Wrapping code that takes a long time to execute in a CodeProject.AI module is straightforward thanks to help from the server. It helps enormously if the code you are wrapping provides a means of regularly querying its progress, but even that isn't necessary (though the user experience will suffer a little).

We've used the long process support to wrap a text-to-image module using stable diffusion, and the Llama large language model to provide ChatGPT functionality on your desktop. The only additional beyond writing a standard CodeProject.AI Server module was adding the methods to the adapter to check status and cancel if necessary, plus the code to actually call these methods in our test HTML page.
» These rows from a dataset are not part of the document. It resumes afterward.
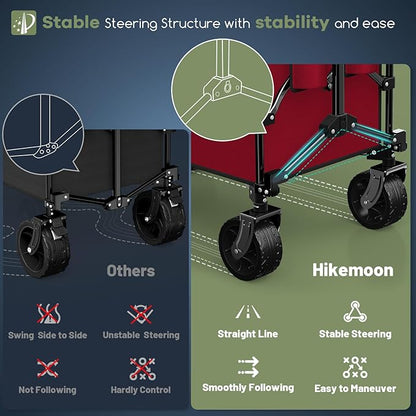 150L Collapsible Wagons Carts Foldable, 360LBS Heavy Duty Folding Beach Cart with Big All-Terrain Wheels, Portable Utility Wagon for Grocery, Shopping, Garden, Sports, Red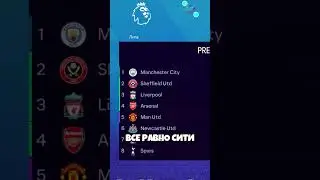 создал TOTY команду в карьере EA FC 24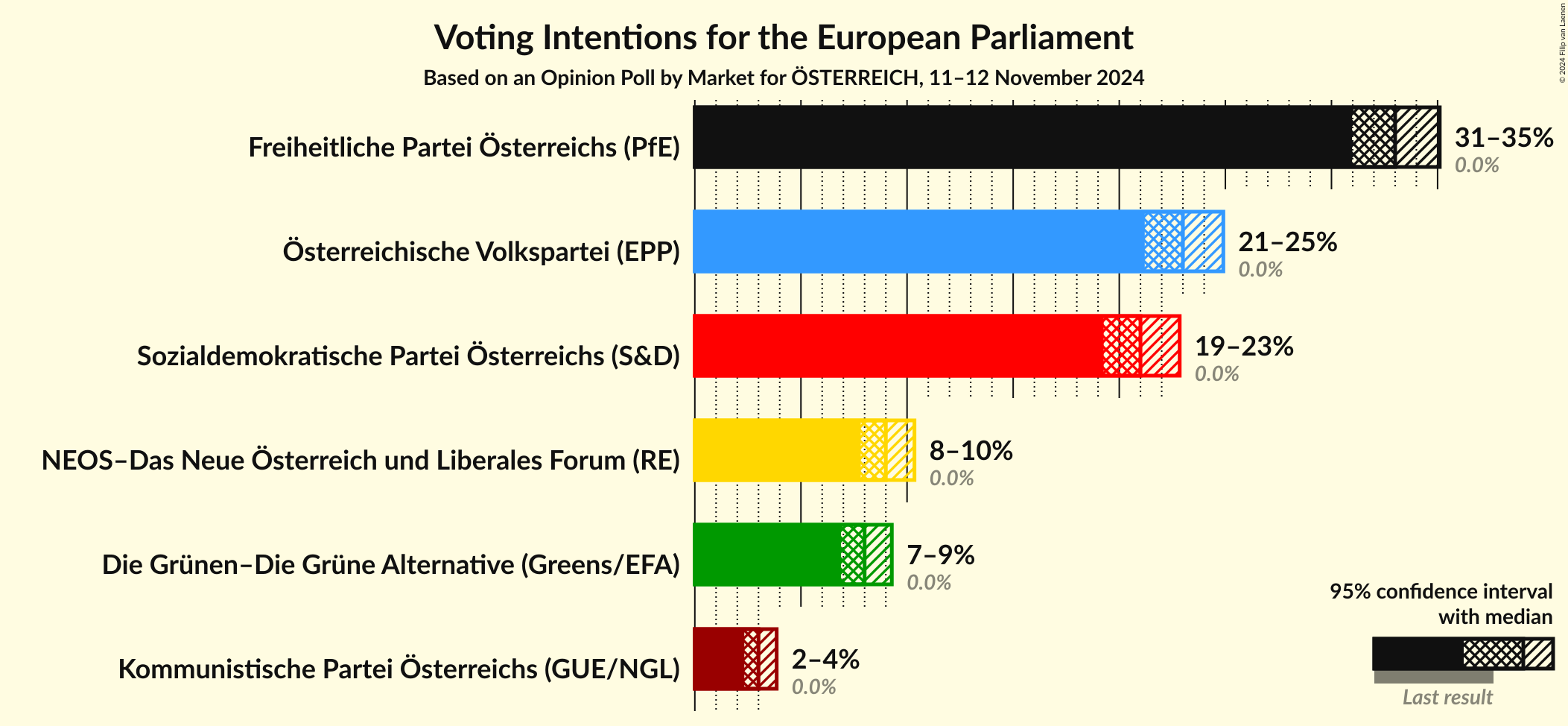 Graph with voting intentions not yet produced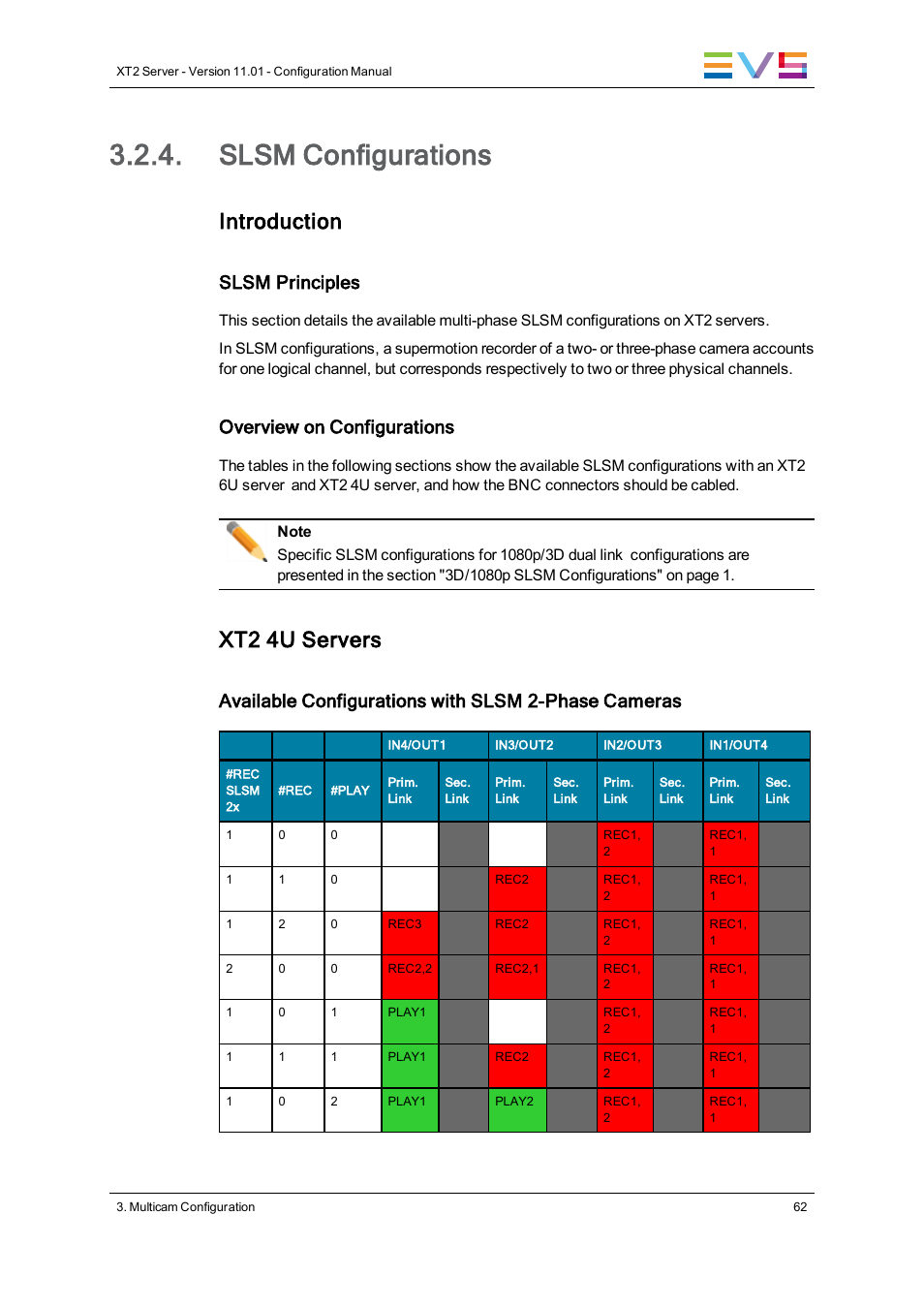 Slsm configurations, Introduction, Xt2 4u servers | Slsm principles, Overview on configurations, Available configurations with slsm 2-phase cameras | EVS XT2 Version 11.01 - November 2012 Configuration Manual User Manual | Page 72 / 226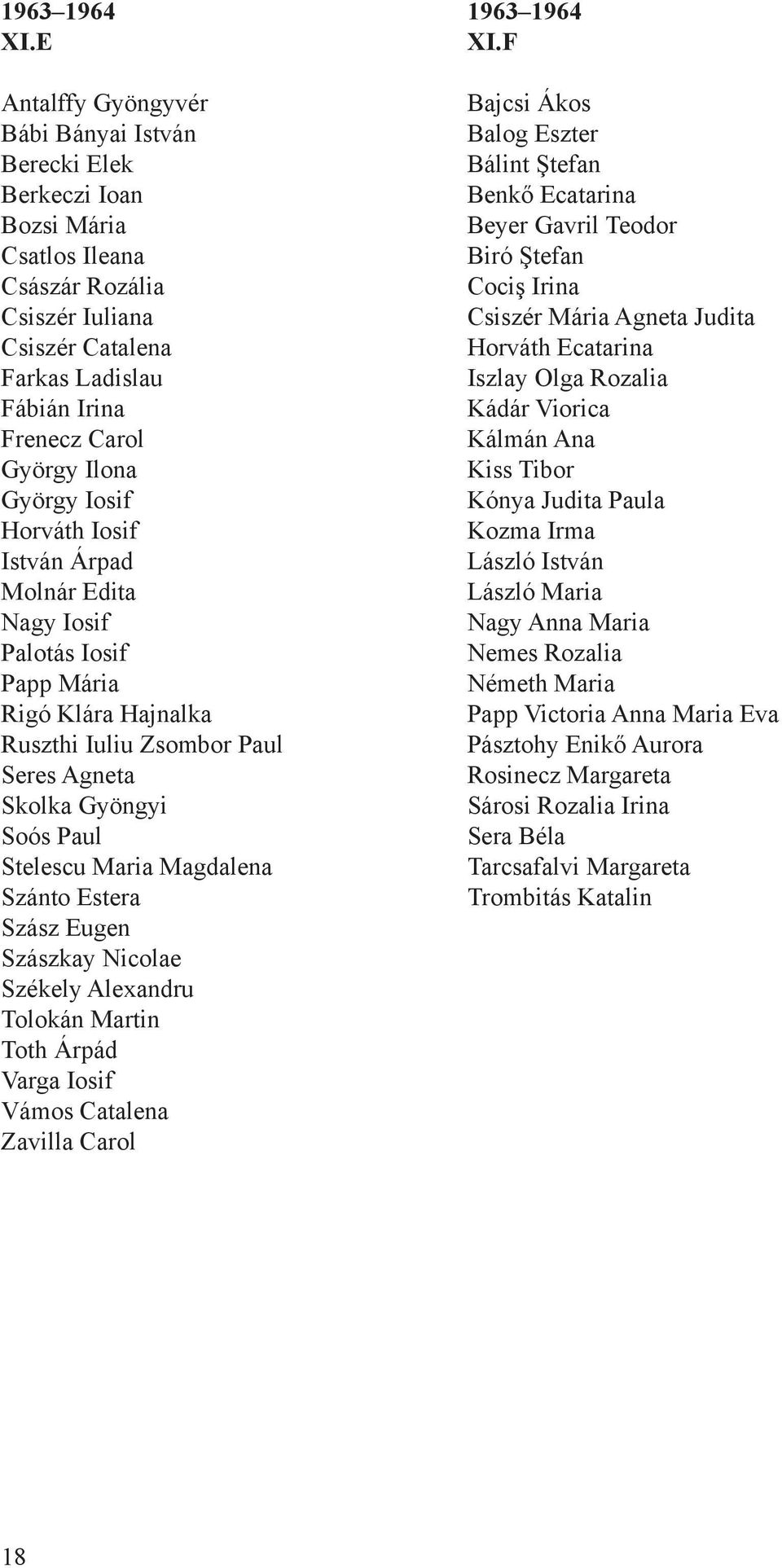 György Iosif Horváth Iosif István Árpad Molnár Edita Nagy Iosif Palotás Iosif Papp Mária Rigó Klára Hajnalka Ruszthi Iuliu Zsombor Paul Seres Agneta Skolka Gyöngyi Soós Paul Stelescu Maria Magdalena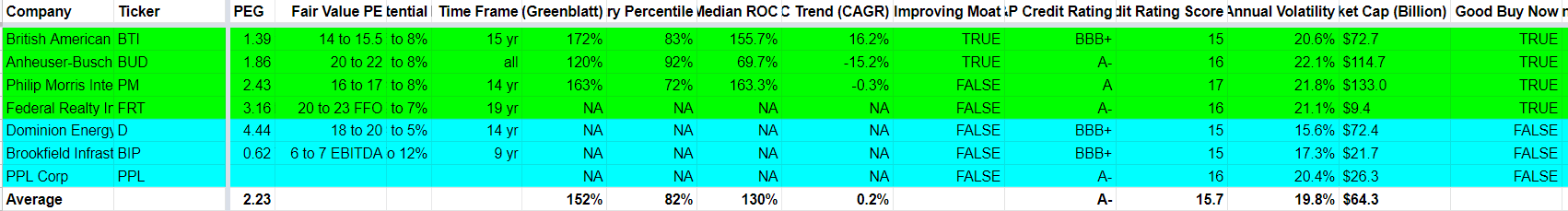 The Safest High Yield Blue Chips To Buy In This Volatile Market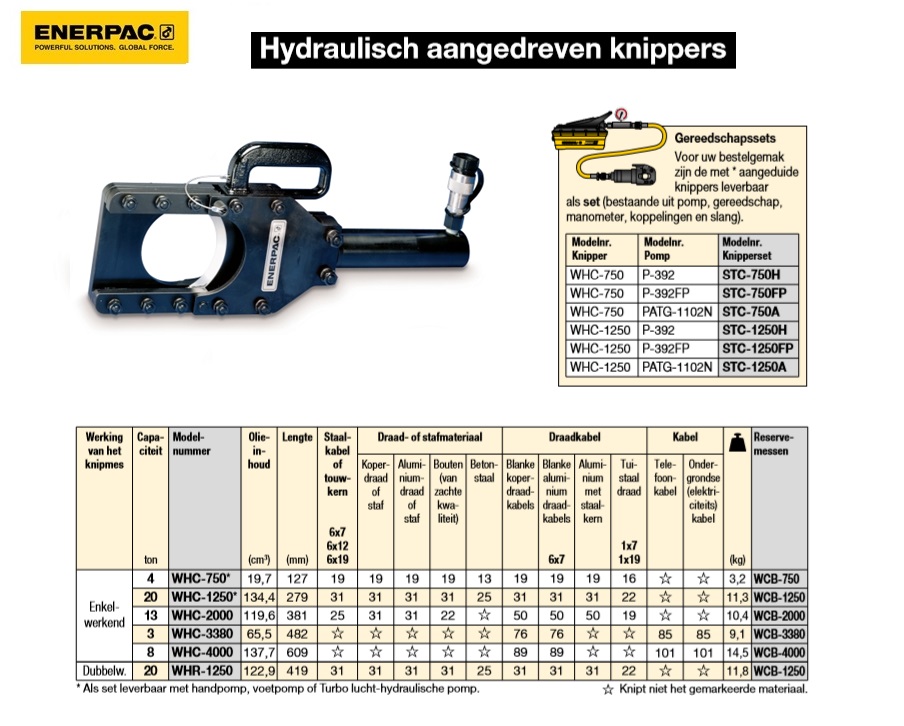 Hydraulisch aangedreven knipper WHC1250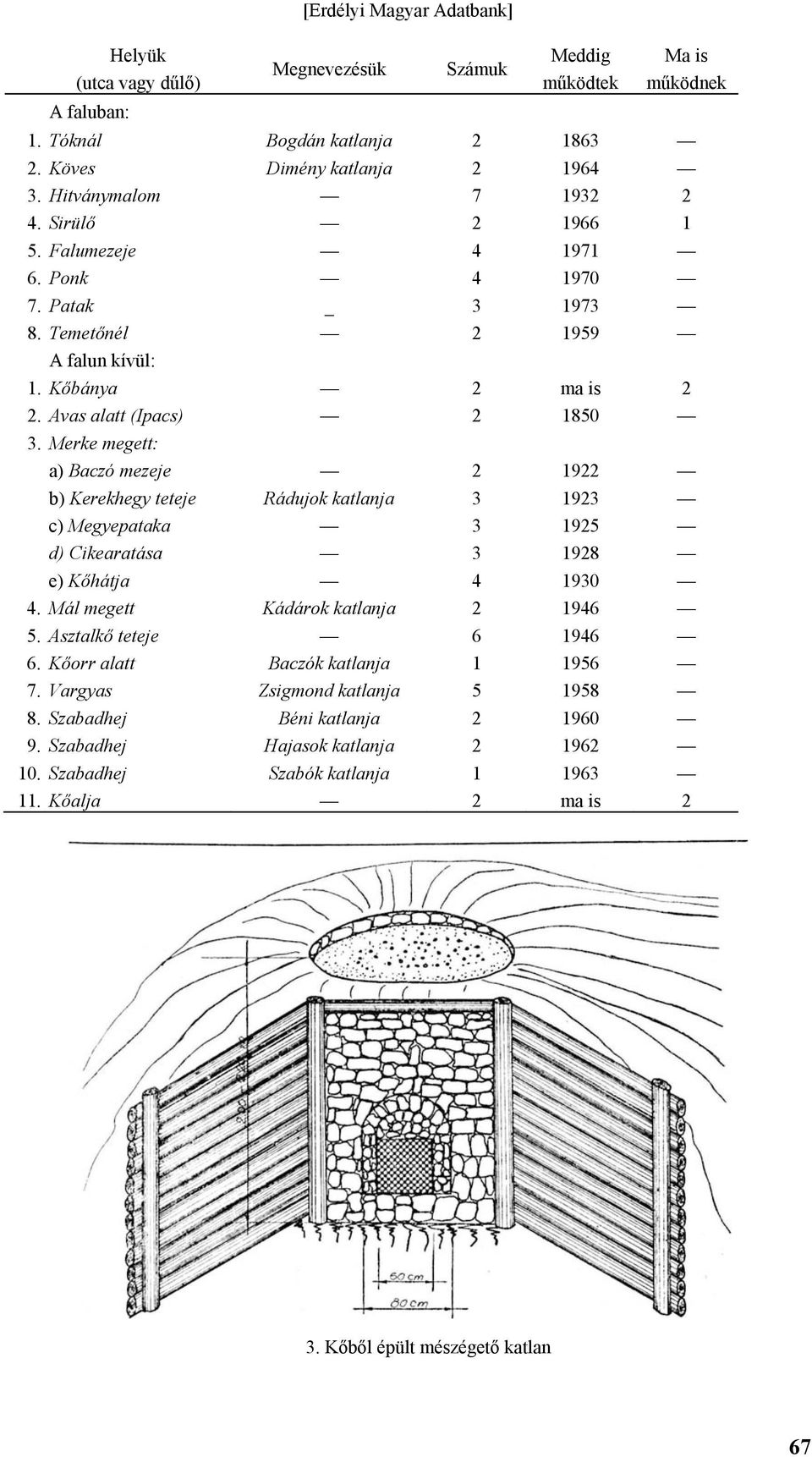 Merke megett: a) Baczó mezeje 2 1922 b) Kerekhegy teteje Rádujok katlanja 3 1923 c) Megyepataka 3 1925 d) Cikearatása 3 1928 e) Kőhátja 4 1930 4. Mál megett Kádárok katlanja 2 1946 5.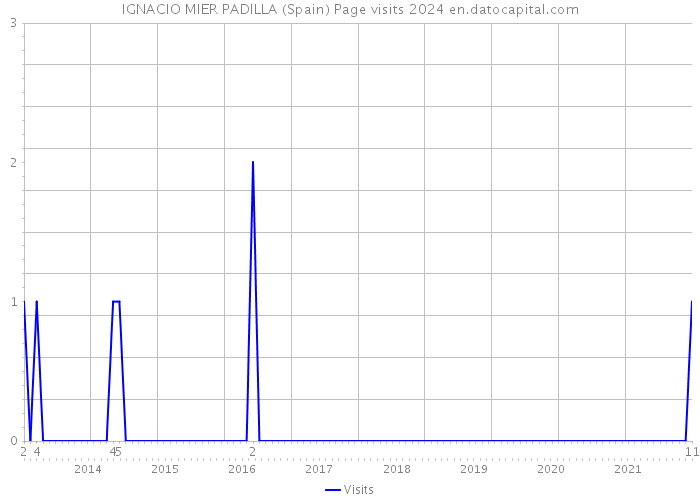 IGNACIO MIER PADILLA (Spain) Page visits 2024 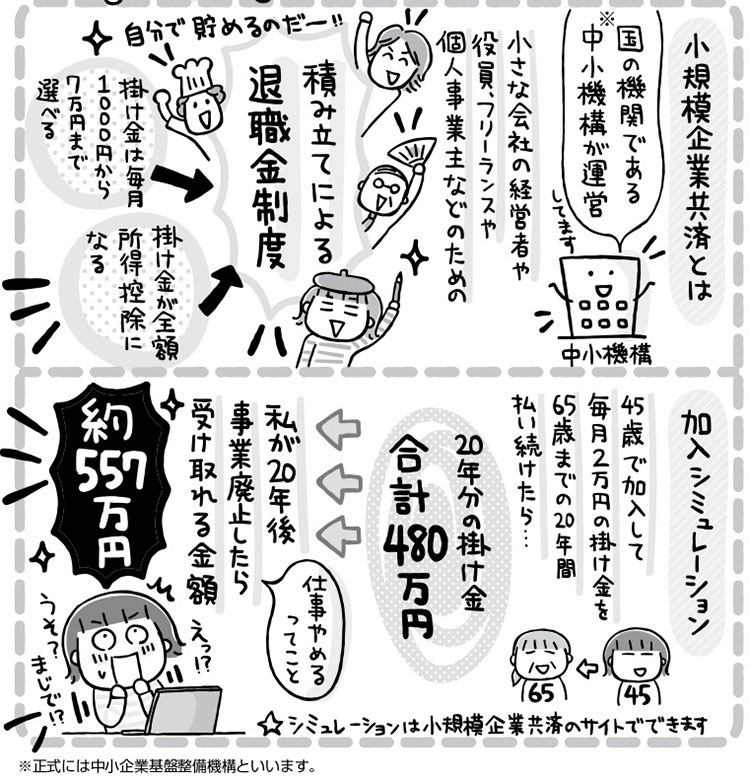 家計診断を受けて、<br />お金オンチから脱出できたのか?
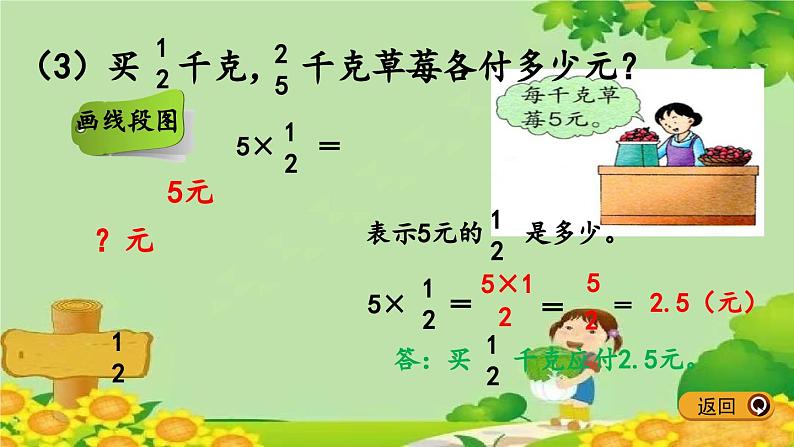 冀教版数学五年级下册 4.2 求一个整数的几分之几课件第5页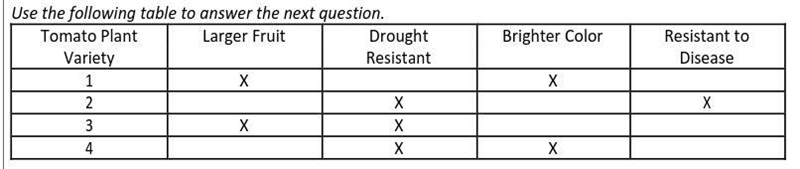 A farmer wants to grow a crop of tomatoes that is resistant to disease and drought-example-1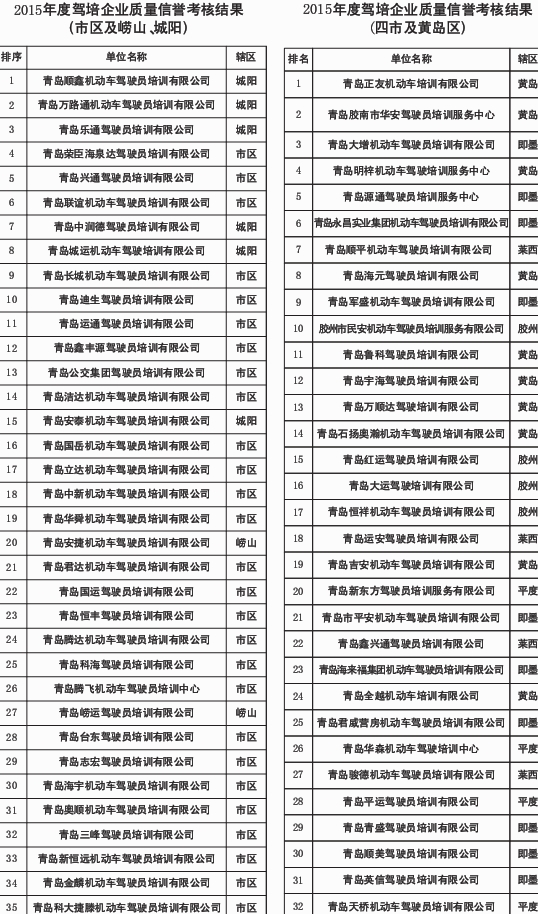 青岛发布驾校质量信誉排行榜 城阳企业包揽前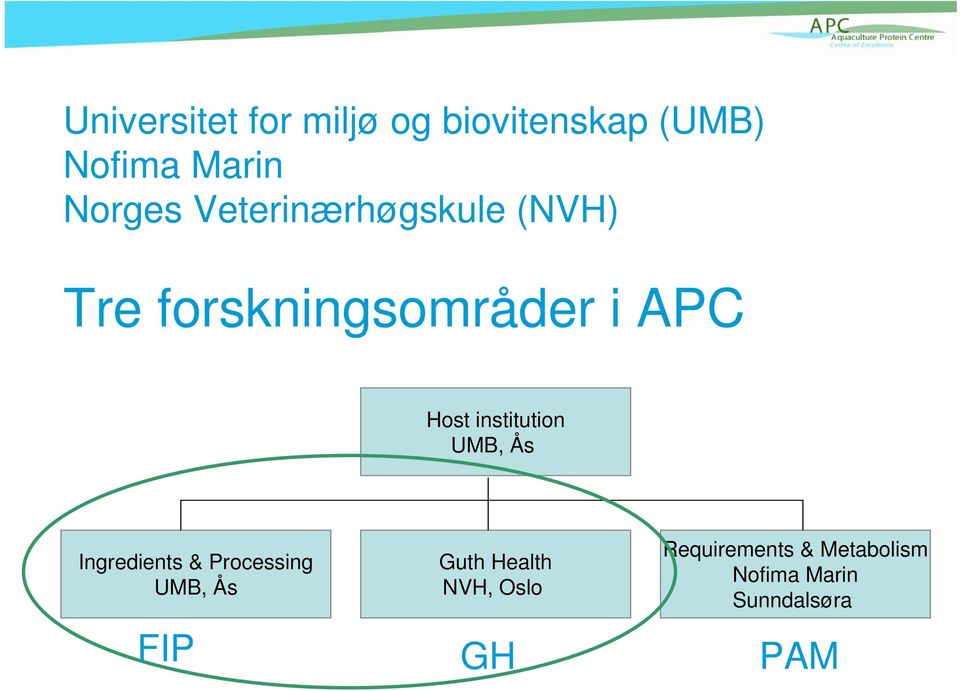 institution UMB, Ås Ingredients & Processing UMB, Ås Guth Health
Long process support is perfect for generative AI solutions, but is also useful where you wish to support AI operations on low-spec hardware. While OCR, for instance, might take a fraction of a second on a decent machine, running the same text detection and recognition models on large amounts of data on a Raspberry Pi could take a while. Offering the functionality via a long process module can provide a better user experience and avoid issues of HTTP timeouts.